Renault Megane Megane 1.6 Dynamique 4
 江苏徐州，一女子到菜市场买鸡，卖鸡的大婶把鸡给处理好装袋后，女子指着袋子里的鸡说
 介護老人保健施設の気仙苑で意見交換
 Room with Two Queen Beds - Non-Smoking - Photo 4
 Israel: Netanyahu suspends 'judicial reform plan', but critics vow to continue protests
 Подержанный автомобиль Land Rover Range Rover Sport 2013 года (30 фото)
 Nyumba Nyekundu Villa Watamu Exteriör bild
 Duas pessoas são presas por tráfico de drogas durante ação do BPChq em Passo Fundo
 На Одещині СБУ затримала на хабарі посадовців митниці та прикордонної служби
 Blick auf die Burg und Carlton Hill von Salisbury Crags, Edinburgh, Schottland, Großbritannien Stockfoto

● ● ●

About this exercise
Using the entries above, give back exactly the line containing "江苏徐州，一女子到菜市场买鸡", the line containing "Duas pessoas são", and every line between them, and nothing else.

Task result
 江苏徐州，一女子到菜市场买鸡，卖鸡的大婶把鸡给处理好装袋后，女子指着袋子里的鸡说
 介護老人保健施設の気仙苑で意見交換
 Room with Two Queen Beds - Non-Smoking - Photo 4
 Israel: Netanyahu suspends 'judicial reform plan', but critics vow to continue protests
 Подержанный автомобиль Land Rover Range Rover Sport 2013 года (30 фото)
 Nyumba Nyekundu Villa Watamu Exteriör bild
 Duas pessoas são presas por tráfico de drogas durante ação do BPChq em Passo Fundo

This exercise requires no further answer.